89 A.D.3d 1009 | N.Y. App. Div. | 2011
The professional corporation defendants, along with the defendants Valentina Anikeyeva and Andrey Anikeyev (hereinafter collectively the defendants), moved, among other things, pursuant to CPLR 3211 (a) (7) to dismiss the first and second causes of action for failure to state a cause of action. In an order entered September 3, 2010, the Supreme Court, inter alia, denied those branches of the defendants’ motion. We affirm the order insofar as appealed from.
“In determining a motion to dismiss pursuant to CPLR 3211 (a) (7), the court must afford the pleading a liberal construction, accept the facts as alleged in the complaint as true, accord the plaintiff the benefit of every favorable inference, and determine only whether the facts as alleged fit within any cognizable legal theory” (Integrated Constr. Servs., Inc. v Scottsdale Ins. Co., 82 AD3d 1160, 1162 [2011] [internal quotation marks omitted]).
“A motion to dismiss a declaratory judgment action prior to the service of an answer presents for consideration only the issue of whether a cause of action for declaratory relief is set forth, not the question of whether the plaintiff is entitled to a favorable declaration” (Staver Co. v Skrobisch, 144 AD2d 449, 450 [1988]; see Rockland Light & Power Co. v City of New York,
Accordingly, where a cause of action is sufficient to invoke the court’s power to “render a declaratory judgment ... as to the rights and other legal relations of the parties to a justiciable controversy” (CPLR 3001; see 3017 [b]), a motion to dismiss that cause of action should be denied (see St. Lawrence Univ. v Trustees of Theol. School of St. Lawrence Univ., 20 NY2d 317, 325 [1967]; Rockland Light & Power Co. v City of New York, 289 NY at 51; Tileon N.Y., Inc. v Town of Poughkeepsie, 87 AD3d at 1150; Staver Co. v Skrobisch, 144 AD2d at 450; Ackert v Union Pac. R. R. Co., 4 AD2d 819, 821 [1957]; see also 5-3001 Weinstein-Korn-Miller, NY Civ Prac H 3001.13).
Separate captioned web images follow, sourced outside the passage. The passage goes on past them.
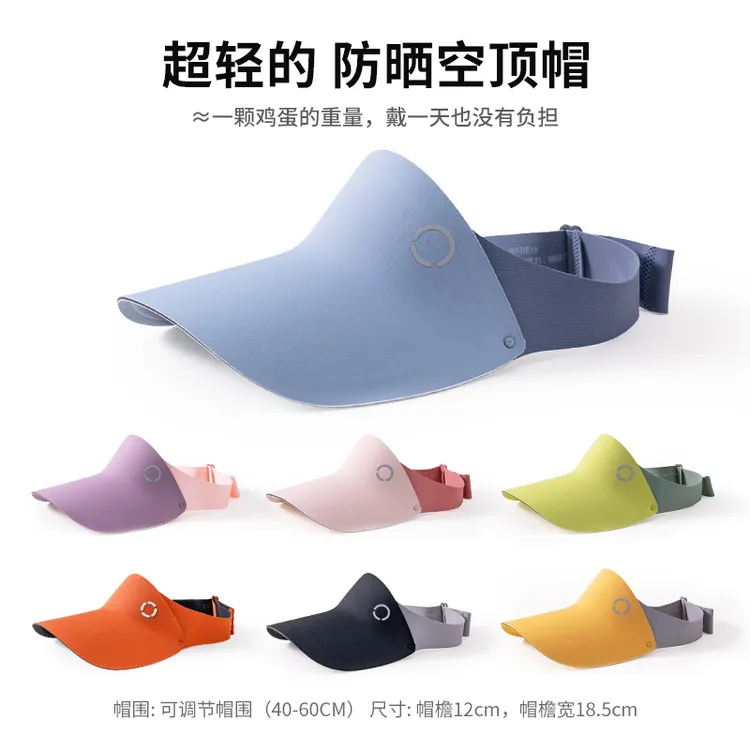 儿童运动防晒帽夏季遮阳帽男女童无痕空顶太阳帽宝宝帽子户外亲子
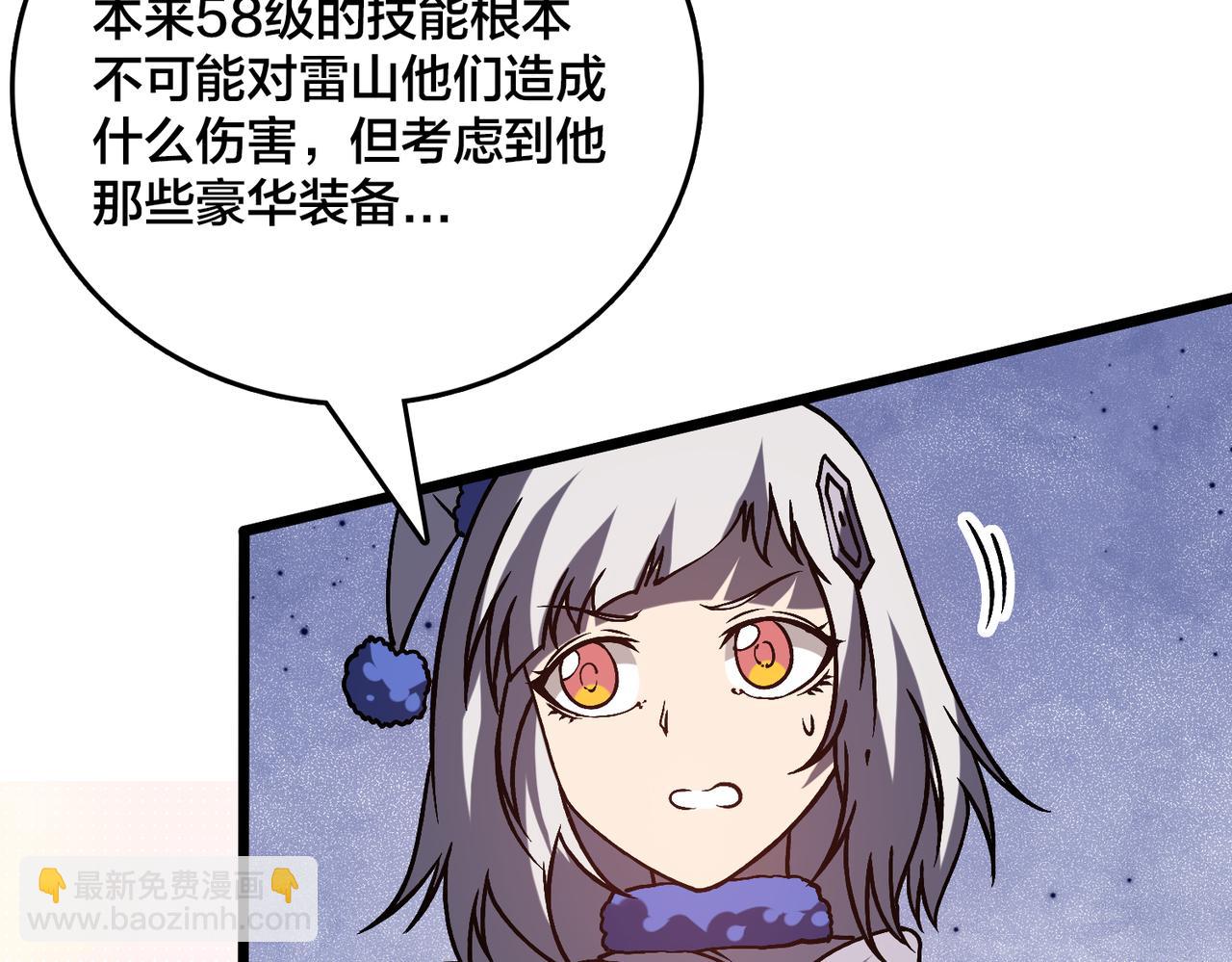 第18话 幽云的青睐(1/3)-第18话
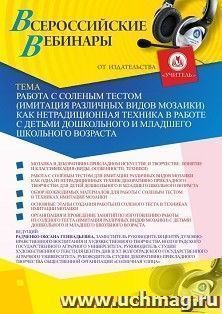 Оформление сертификата участника вебинара 15.06.2020 «Работа с соленым тестом (имитация различных видов мозаики) как нетрадиционная техника в работе с детьми — интернет-магазин УчМаг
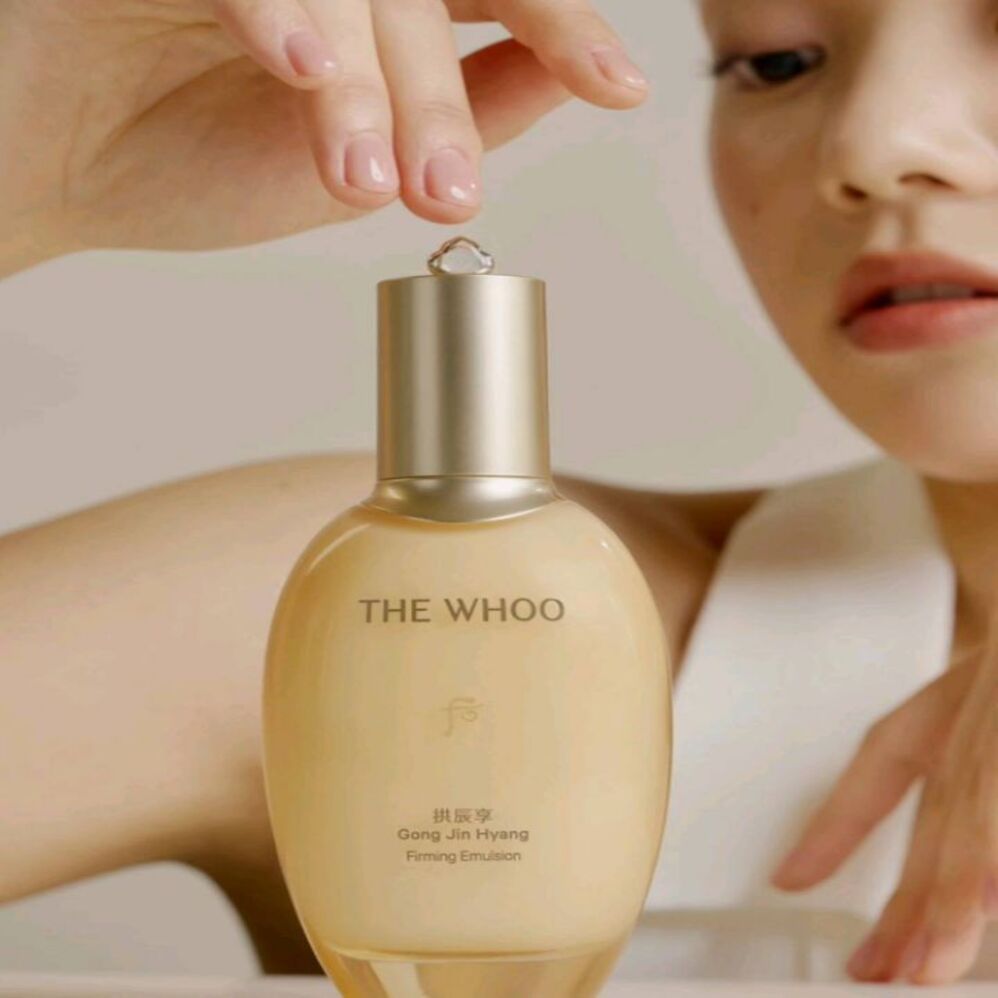 [TheHistoryOfWhoo] Gongjinhyang Essential Nourishing Emulsion 110ml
Here, contrary to the defendants’ contention, the allegations in the first and second causes of action presented justiciable controversies sufficient to invoke the Supreme Court’s power to render a declaratory judgment (see CPLR 3001; Waldman v 853 St. Nicholas Realty Corp., 64 AD3d 585, 587 [2009]; cf. State Farm Mut. Auto. Ins. Co. v Mallela, 4 NY3d 313, 321 [2005]; One Beacon Ins. Group, LLC v Midland Med. Care, P.C., 54 AD3d 738, 740 [2008]; A.M. Med. Servs., P.C. v Progressive Cas. Ins. Co., 22 Misc 3d 70, 71 [2008]).
The defendants’ remaining contentions are without merit.
Accordingly, the Supreme Court properly denied those branches of the defendants’ motion which were to dismiss the first and second causes of action pursuant to CPLR 3211 (a) (7) for failure to state a cause of action. Mastro, J.P, Dillon, Cohen and Miller, JJ., concur.